The Age of Bronze is Rodin’s first masterpiece. Exhibited at the Salon in 1877 when he was thirty-six, the work established Rodin as an independent artist. It remained a touchstone throughout his career. He created a bust and versions in two other sizes and until 1905 issued casts, in both bronze and plaster, only by special order.

Rodin began work on The Age of Bronze with a scrupulous rendering after a model and then refined the image following examples of antique and Renaissance sculpture. Comparing photographs of the model (the Belgian soldier Auguste Neyt) with the sculpture itself reveals the perfection and truth to nature of Rodin’s modelling. The comparison equally demonstrates that the artist subjected nature to myriad idealizations. For example, Rodin made the legs and lower torso of the figure slimmer than those of the model, and he also made the head somewhat smaller. Such details, which recall Hellenistic sculptures Rodin had seen in the Louvre and in Italy, confirm his remark that he found inspiration for his figure in a Greek Apollo.

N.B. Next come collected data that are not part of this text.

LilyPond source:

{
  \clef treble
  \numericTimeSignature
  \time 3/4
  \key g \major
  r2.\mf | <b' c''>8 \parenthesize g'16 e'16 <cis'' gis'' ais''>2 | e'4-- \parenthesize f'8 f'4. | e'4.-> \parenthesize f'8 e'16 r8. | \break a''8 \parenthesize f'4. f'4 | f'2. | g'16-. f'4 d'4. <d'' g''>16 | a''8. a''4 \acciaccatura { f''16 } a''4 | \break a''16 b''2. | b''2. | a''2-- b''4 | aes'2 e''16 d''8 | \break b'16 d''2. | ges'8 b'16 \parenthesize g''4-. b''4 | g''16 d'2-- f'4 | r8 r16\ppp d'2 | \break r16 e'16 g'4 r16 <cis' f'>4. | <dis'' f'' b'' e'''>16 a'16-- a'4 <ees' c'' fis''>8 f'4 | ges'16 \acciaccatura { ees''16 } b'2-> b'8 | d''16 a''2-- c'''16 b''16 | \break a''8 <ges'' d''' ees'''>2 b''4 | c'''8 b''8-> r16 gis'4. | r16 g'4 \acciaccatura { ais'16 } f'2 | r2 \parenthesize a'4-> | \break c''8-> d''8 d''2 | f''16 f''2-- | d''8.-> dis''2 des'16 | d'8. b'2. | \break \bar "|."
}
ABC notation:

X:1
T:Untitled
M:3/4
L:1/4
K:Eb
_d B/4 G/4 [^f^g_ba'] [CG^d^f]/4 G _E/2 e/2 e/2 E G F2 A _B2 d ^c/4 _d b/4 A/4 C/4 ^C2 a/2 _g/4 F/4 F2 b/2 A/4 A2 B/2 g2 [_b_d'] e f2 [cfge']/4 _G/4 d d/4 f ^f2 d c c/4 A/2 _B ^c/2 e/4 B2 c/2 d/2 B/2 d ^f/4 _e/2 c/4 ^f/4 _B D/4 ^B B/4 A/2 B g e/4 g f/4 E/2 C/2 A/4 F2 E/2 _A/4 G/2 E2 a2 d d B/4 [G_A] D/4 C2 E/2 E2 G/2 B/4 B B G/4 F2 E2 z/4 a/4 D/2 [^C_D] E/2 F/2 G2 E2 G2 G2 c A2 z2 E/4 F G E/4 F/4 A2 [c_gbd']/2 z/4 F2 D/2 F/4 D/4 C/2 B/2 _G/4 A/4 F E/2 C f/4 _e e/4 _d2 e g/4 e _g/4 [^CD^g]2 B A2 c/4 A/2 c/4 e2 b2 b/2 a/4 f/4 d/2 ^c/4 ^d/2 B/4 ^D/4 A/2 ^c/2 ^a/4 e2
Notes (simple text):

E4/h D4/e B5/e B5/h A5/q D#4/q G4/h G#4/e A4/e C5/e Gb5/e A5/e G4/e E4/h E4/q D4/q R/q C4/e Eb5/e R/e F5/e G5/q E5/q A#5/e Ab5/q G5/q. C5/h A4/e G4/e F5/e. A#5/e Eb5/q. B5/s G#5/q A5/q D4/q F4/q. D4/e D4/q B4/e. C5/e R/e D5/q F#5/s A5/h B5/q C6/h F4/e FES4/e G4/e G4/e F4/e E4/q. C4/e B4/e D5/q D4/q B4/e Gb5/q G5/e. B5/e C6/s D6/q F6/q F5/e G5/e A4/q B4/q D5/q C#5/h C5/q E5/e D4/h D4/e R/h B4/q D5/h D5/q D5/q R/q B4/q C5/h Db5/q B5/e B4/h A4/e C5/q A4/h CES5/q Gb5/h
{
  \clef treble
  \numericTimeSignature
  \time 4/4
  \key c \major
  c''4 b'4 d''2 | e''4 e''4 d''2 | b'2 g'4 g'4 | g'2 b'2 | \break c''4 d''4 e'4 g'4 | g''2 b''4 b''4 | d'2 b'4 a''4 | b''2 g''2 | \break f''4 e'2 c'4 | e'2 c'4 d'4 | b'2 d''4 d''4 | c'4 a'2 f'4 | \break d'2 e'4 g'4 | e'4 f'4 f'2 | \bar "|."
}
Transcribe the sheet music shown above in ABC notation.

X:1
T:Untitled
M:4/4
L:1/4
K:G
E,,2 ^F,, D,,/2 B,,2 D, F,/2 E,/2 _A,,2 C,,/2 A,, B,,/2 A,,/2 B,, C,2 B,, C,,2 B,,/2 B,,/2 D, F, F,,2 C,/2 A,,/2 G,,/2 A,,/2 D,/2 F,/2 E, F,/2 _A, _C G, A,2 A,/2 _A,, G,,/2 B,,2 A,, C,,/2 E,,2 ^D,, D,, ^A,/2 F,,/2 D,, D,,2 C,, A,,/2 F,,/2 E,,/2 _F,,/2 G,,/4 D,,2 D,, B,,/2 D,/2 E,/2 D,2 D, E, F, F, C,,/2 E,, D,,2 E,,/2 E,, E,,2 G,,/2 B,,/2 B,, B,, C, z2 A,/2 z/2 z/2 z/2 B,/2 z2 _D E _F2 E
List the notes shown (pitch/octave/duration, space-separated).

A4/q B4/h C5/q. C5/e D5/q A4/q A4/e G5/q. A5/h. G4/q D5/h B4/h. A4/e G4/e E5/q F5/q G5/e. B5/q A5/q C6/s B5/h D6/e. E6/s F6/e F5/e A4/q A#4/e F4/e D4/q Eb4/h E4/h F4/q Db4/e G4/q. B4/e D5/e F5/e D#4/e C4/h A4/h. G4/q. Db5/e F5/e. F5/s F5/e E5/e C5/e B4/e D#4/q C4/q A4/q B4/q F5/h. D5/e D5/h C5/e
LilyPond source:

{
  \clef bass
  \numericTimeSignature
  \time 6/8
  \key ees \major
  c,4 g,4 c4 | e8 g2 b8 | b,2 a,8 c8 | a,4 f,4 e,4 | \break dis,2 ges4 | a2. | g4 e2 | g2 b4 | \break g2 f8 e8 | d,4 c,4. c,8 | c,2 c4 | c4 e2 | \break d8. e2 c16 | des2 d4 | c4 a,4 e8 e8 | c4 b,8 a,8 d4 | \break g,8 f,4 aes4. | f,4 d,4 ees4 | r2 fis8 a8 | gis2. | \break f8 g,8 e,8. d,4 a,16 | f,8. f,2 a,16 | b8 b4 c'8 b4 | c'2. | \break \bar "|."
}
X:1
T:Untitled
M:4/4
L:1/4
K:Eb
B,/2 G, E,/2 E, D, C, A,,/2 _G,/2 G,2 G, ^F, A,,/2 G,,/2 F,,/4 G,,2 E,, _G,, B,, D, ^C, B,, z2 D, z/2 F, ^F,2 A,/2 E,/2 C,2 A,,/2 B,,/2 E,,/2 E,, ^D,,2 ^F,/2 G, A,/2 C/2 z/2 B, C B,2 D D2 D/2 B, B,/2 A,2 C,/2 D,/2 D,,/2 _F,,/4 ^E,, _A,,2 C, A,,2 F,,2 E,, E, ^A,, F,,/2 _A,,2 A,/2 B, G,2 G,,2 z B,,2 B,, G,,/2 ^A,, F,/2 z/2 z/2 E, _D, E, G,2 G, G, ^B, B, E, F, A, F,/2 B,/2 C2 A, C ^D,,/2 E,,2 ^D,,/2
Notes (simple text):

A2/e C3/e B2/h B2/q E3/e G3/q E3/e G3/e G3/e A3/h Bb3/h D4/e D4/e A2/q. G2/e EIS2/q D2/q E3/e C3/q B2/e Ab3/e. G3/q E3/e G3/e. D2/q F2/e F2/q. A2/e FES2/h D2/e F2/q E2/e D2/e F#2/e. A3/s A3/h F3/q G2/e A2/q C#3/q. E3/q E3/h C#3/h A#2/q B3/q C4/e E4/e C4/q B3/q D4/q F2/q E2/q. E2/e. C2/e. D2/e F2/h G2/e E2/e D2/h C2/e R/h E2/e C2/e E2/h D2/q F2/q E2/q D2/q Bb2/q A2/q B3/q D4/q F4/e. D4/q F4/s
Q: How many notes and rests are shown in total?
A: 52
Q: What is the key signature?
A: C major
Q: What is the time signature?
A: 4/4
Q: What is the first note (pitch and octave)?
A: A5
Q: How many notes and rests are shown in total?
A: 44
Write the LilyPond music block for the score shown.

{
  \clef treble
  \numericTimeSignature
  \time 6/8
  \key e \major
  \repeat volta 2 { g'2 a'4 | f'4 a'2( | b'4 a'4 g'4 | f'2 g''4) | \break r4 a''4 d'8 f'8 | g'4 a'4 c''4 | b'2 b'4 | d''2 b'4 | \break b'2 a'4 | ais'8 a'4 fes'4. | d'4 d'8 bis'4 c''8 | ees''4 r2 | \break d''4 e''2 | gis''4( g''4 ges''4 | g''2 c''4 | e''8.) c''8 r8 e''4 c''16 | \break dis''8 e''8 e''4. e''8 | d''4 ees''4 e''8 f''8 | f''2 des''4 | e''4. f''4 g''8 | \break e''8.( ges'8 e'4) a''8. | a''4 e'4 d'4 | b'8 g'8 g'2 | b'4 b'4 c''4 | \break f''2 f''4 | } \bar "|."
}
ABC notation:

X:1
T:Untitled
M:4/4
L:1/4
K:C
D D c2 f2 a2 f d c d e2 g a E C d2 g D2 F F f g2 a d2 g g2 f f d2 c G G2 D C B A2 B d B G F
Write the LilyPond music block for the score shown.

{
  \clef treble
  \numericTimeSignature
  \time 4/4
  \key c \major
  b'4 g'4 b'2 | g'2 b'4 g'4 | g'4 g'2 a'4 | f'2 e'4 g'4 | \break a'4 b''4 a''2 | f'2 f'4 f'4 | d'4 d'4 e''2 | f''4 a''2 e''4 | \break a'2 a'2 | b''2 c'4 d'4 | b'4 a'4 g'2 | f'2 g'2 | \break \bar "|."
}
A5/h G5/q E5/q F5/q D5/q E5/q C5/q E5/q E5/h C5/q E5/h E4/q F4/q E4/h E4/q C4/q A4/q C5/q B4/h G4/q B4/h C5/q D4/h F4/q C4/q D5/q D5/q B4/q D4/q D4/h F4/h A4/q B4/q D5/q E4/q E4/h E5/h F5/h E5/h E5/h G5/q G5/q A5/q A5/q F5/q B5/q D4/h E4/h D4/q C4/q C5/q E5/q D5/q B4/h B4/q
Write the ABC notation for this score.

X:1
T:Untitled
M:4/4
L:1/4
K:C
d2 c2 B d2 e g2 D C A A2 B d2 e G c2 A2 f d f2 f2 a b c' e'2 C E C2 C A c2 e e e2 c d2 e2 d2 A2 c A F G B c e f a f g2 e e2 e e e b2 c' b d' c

Begun in October 1875 while Rodin was working with Antoine van Rasbough in Brussels, "my figure," as Rodin referred to the work in his letters to Rose Beuret, was finished late in 1876 after he returned from Italy. In plaster and provisionally titled The Vanquished One, the work went on view at a club in Brussels, the Cercle Artistique et Littéraire, in January 1877.

Critics admired the superb technique but found the figure so true to life that one writer suggested parts of the work had been produced by moulage (body casting).

This accusation followed the work, now titled The Age of Bronze, to its exhibition in that year’s Paris Salon, which opened in April. Again critics admired Rodin’s immense talent but felt uneasy with its application.